After a while I finally knit a scarf that was pretty nice. It was nothing to compare to her knitting for sure, but nice enough that Mom thought it would be a good idea to send it to Grandma Nichols for her birthday present. That was a big mistake, because I was sure that she would hate it. She probably did, because all she told Mom was, “thank Lucy for the scarf” and that it had “personality”, whatever that meant. She probably pitched it.

It was stuffy on the bus and I kept pulling at my turtleneck. The kid with the cold was really getting on my nerves because he kept snorting. In his lap he clutched a pile of packages wrapped in holly paper. It made me feel lonely to look at them. One of the tags was labeled in big bold letters, “To Dad, From Jeremy.” I wanted holly paper gifts, and someone to meet that I knew better than Grandma Nichols.

The bus must have hit a pothole because it made my forehead bump especially hard on the icy window. I leaned back on my seat. The Jeremy-kid looked over at me. I think he wanted to talk, but I wasn’t in the mood.

“I have to work most of the holidays, honey,” my mother had told me. She had looked sad. “We’ll have our Christmas after the new year.” My mother wanted me to go, and then she didn’t want me to go, so it made the last few days miserable. It was especially horrible when I waved goodbye to her at the bus station--her wool mitten clutching a tissue.

“Ripley,” the green sign read. It wouldn’t be long now. I had dozed a bit and hoped the kid hadn’t seen me drool. Finally the bus rumbled and shuddered as it pulled into a small station. I remembered to pull out the gift I had wrapped ten minutes before I left the apartment. The recycled bow Mom had stuck on it was smashed. I tried to fluff it up, but it still looked pathetic.

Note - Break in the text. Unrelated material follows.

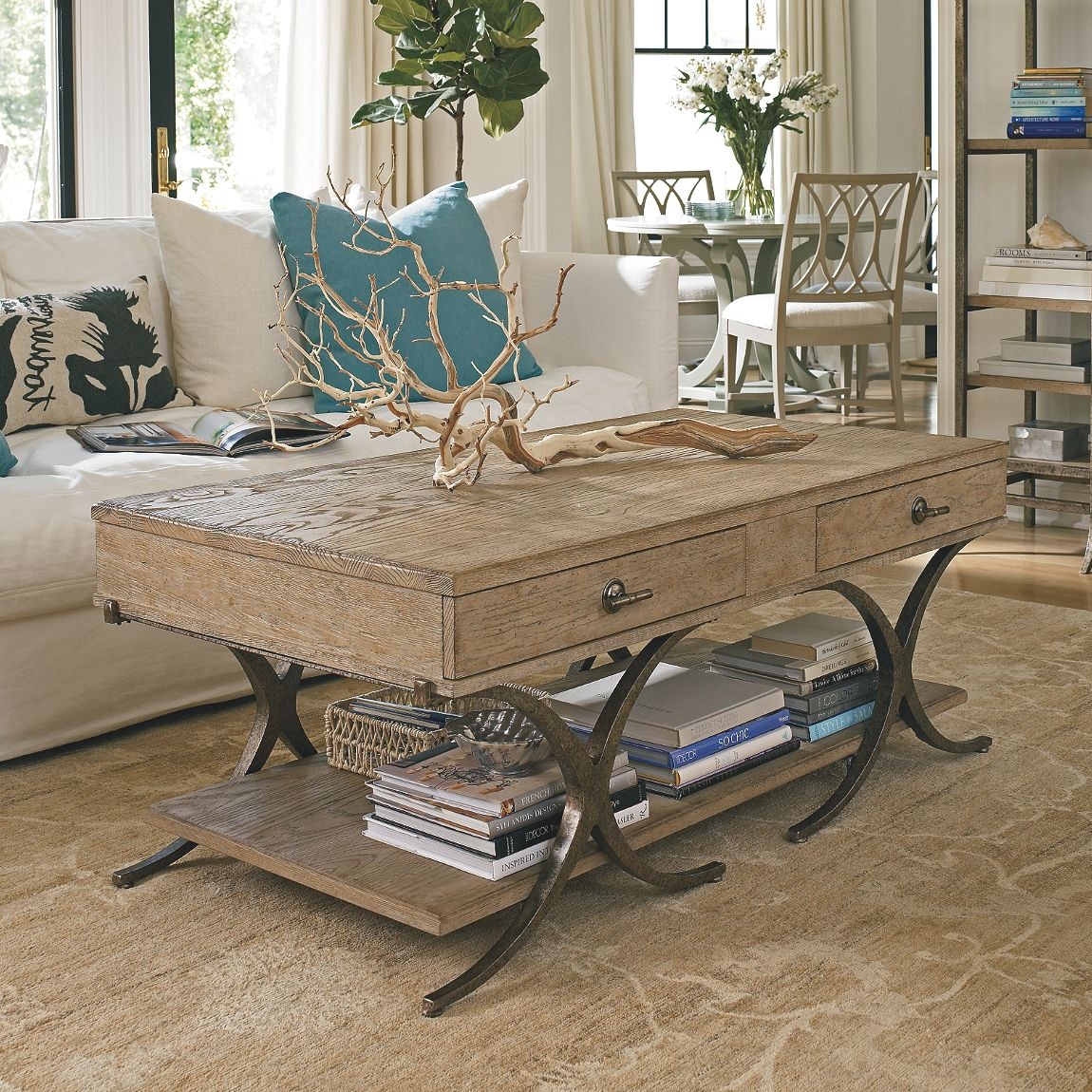 Antique wooden trunk coffee table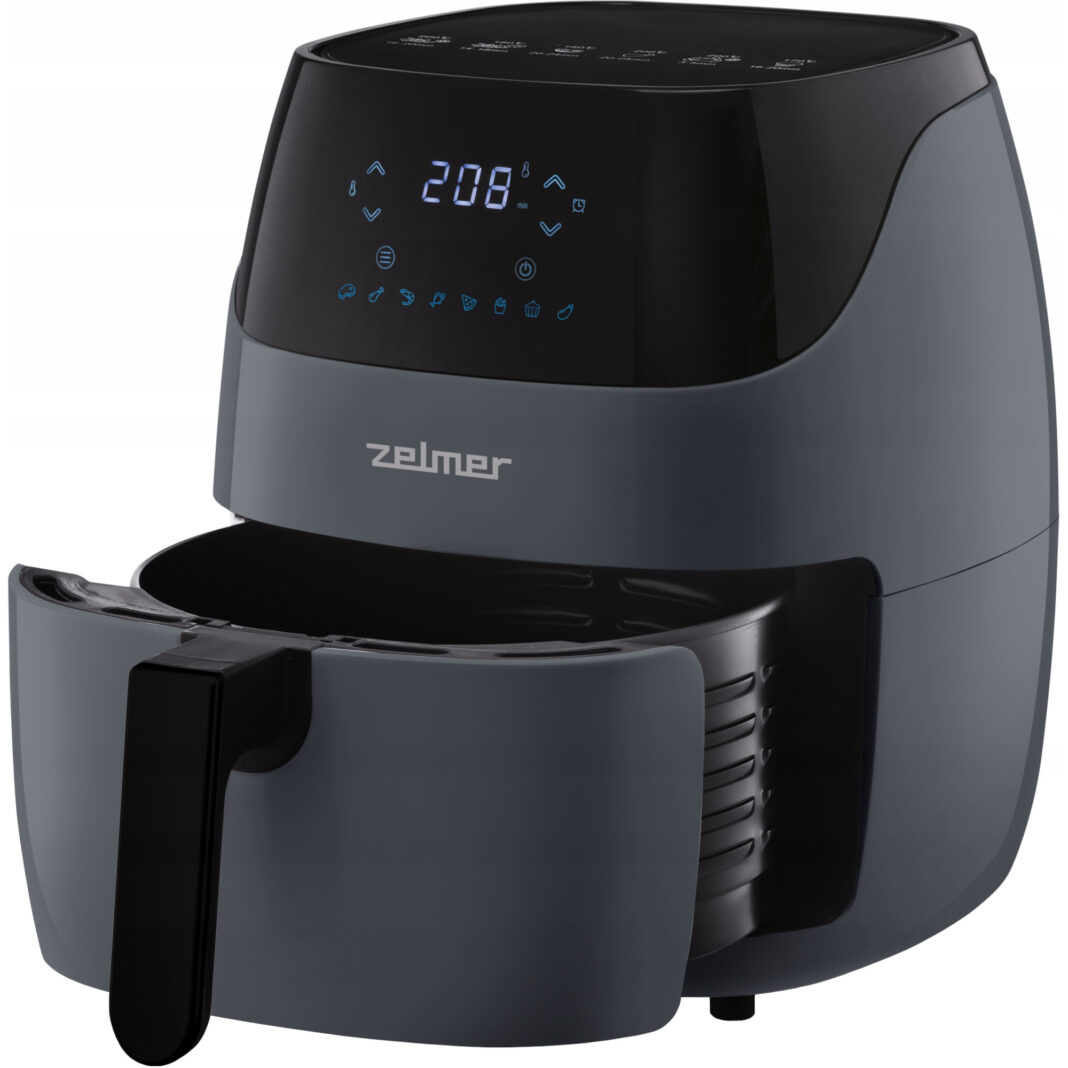 Friteuza cu aer cald Zelmer ZAF5502G, 1500 W, Invelis antiaderent, 5 L, Control tactil, Temporizator, Oprire automata, 8 Programe presetate, Termostat reglabil, Gri Antracit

I had to stretch to reach my suitcase above the seats. It landed with a thump on the arm rest and nearly clobbered a man who glared at me in a very unchristmas-like way. I gritted my teeth and thought of the long hours ahead of me with grandma silently knitting and me wondering if she really wanted me there.

With my suitcase now aimed in the right direction, I shuffled down the aisle. I heard the kid’s nasal voice behind me, “Merry Christmas,” he said. I pretended like I didn’t hear him.

I let the wheels of my suitcase clatter down the steps and onto the platform.
“Lucy!” somebody called out in a creaky voice.

When I turned around I spotted a small woman waving a thin arm. I made my way towards her soft smile. There was a touch of mist in her eyes. Tears? To spite myself, I felt my face flush. Then I noticed it...the familiar color of the scarf. It was the one I knitted long ago, well worn and proudly draped over her shoulders.

“Grandma,” I said as I stood before her. I felt like I towered over her. My eyes went from her eyes to my scarf and back again. She could knit one ten times better. Her coat, with little turquoise fuzz-balls, matched it. Then for the first time in ages, Grandma hugged me and I laid my cheek on the familiar wool of my scarf. Just then the Jeremy-kid walked by, holding hands with a grinning man, who now carried the gifts the boy had held onto during our trip.

“Hey,” I called out to him, “Merry Christmas to you, too.”

The boy smiled at me. My grandmother took my hand and we nearly flew through the station.